Task input -
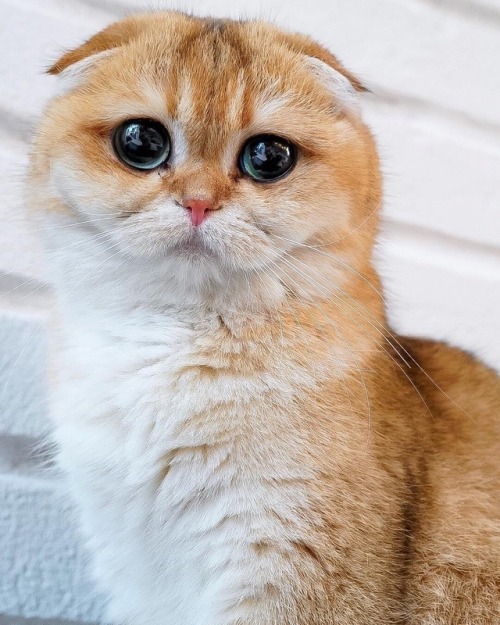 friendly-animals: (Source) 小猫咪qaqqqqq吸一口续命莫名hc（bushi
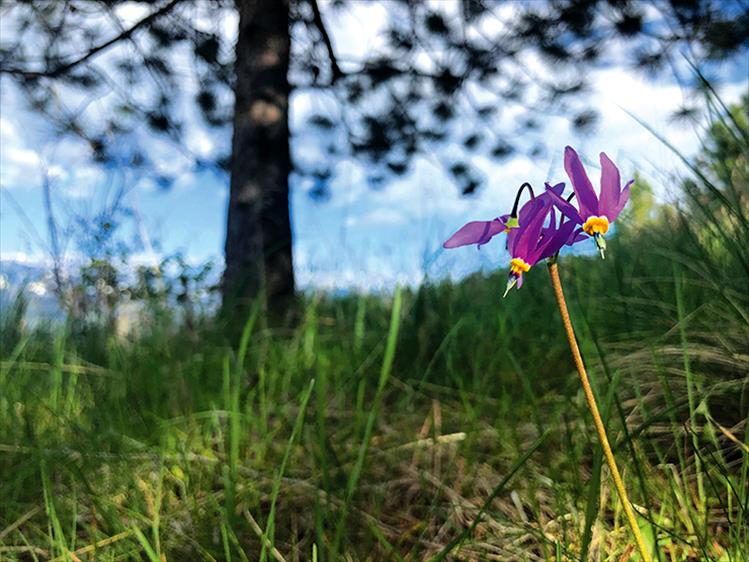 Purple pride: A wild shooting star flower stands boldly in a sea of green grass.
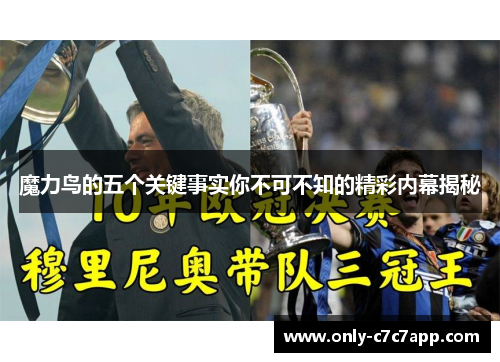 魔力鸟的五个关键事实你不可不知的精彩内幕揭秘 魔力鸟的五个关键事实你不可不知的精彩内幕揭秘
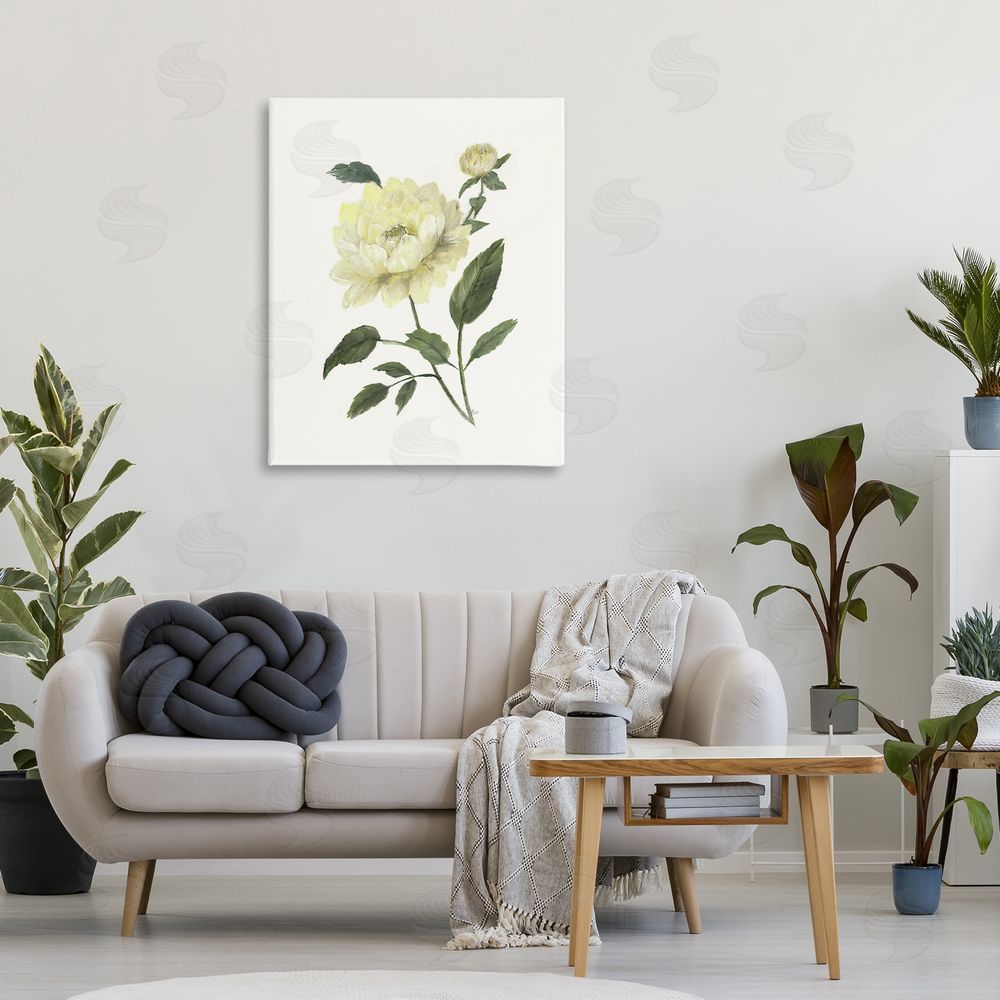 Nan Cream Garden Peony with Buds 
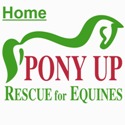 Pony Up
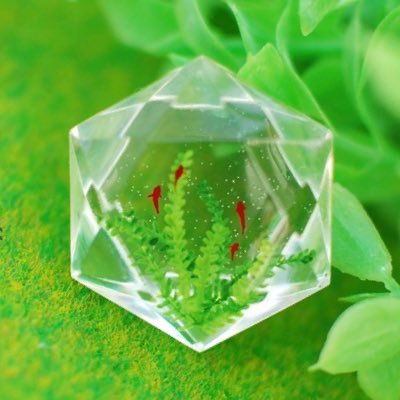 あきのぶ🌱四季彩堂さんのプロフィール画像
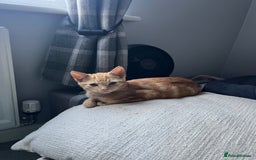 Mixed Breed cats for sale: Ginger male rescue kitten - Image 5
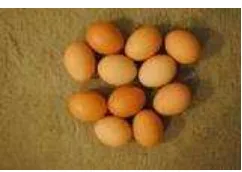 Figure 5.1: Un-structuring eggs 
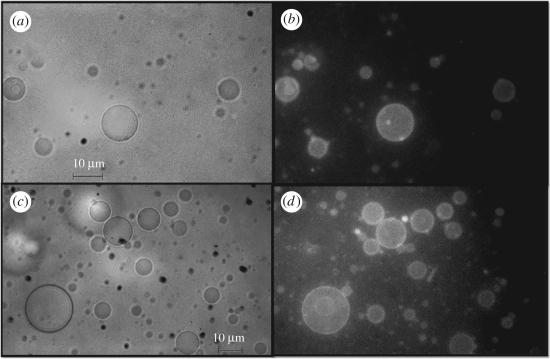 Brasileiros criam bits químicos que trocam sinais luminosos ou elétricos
---
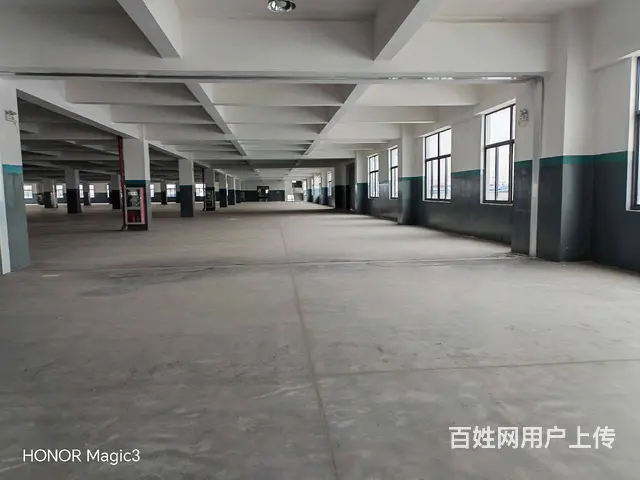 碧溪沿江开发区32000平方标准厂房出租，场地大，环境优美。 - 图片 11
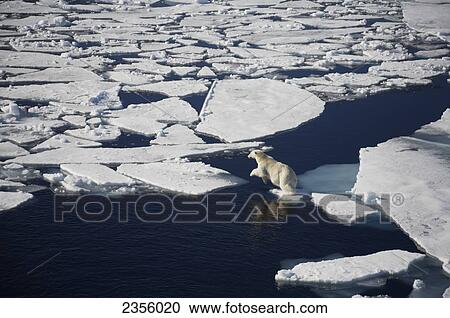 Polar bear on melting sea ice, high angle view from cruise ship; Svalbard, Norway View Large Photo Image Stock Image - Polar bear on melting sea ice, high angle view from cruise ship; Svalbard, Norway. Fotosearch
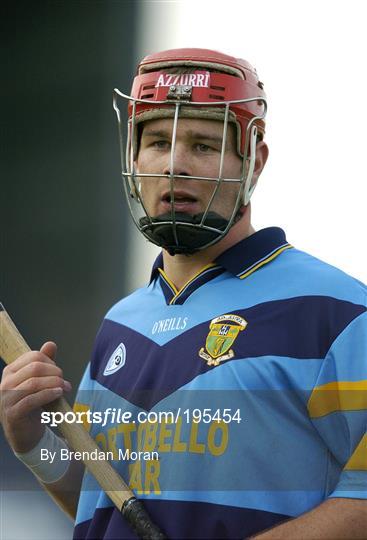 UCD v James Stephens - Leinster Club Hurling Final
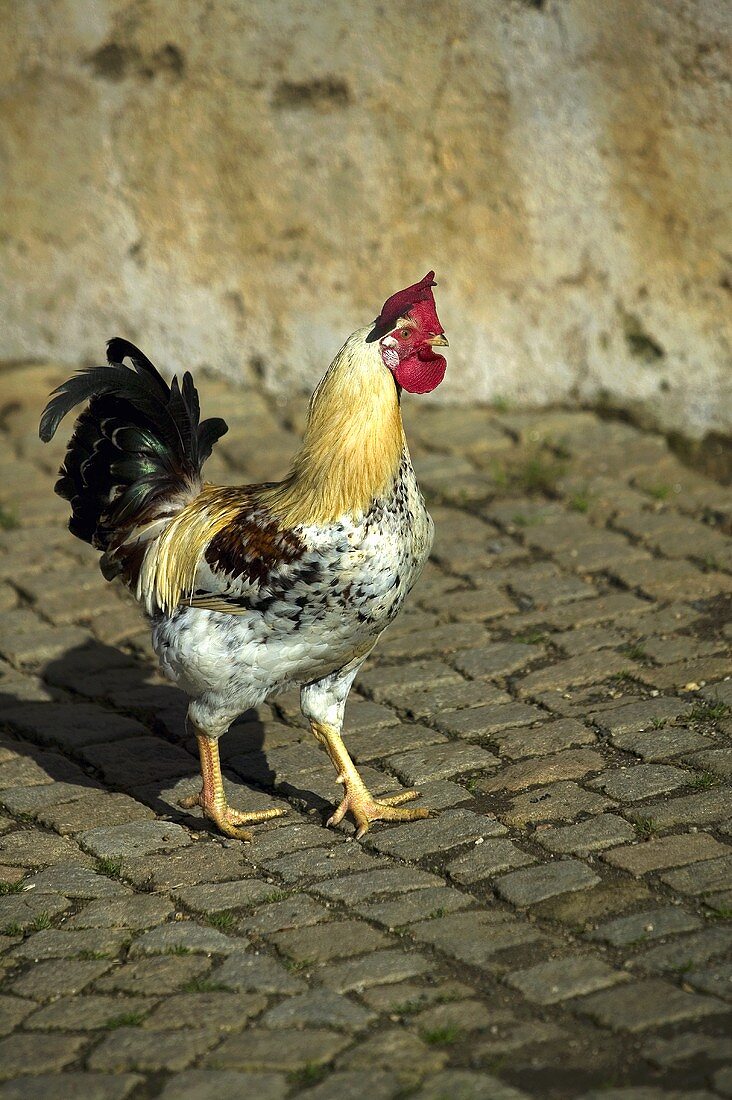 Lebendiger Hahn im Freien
---
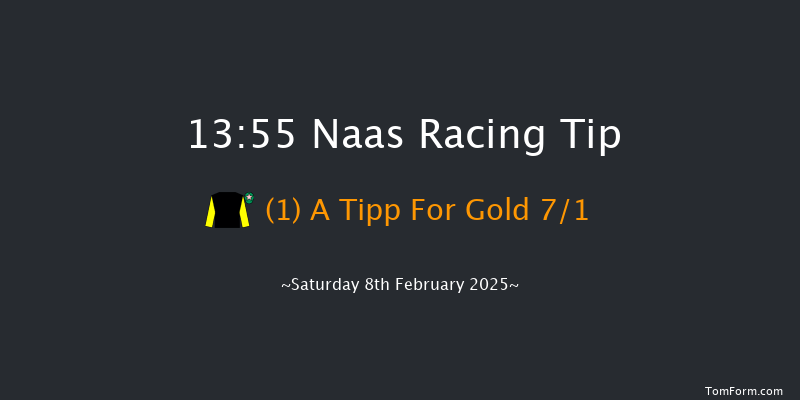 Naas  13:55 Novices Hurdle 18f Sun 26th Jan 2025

What is needed - Please return the data above exactly as it stands from the line with "魔力鸟的五个关键事实你不可不知的精彩内幕揭秘 魔力鸟的五" to the line with "Brasileiros criam bits", keeping both of those lines but none of the pictures.

Reply to the task -
 魔力鸟的五个关键事实你不可不知的精彩内幕揭秘 魔力鸟的五个关键事实你不可不知的精彩内幕揭秘
 Nan Cream Garden Peony with Buds 
 Pony Up
 あきのぶ🌱四季彩堂さんのプロフィール画像
 Mixed Breed cats for sale: Ginger male rescue kitten - Image 5
 Figure 5.1: Un-structuring eggs 
 Brasileiros criam bits químicos que trocam sinais luminosos ou elétricos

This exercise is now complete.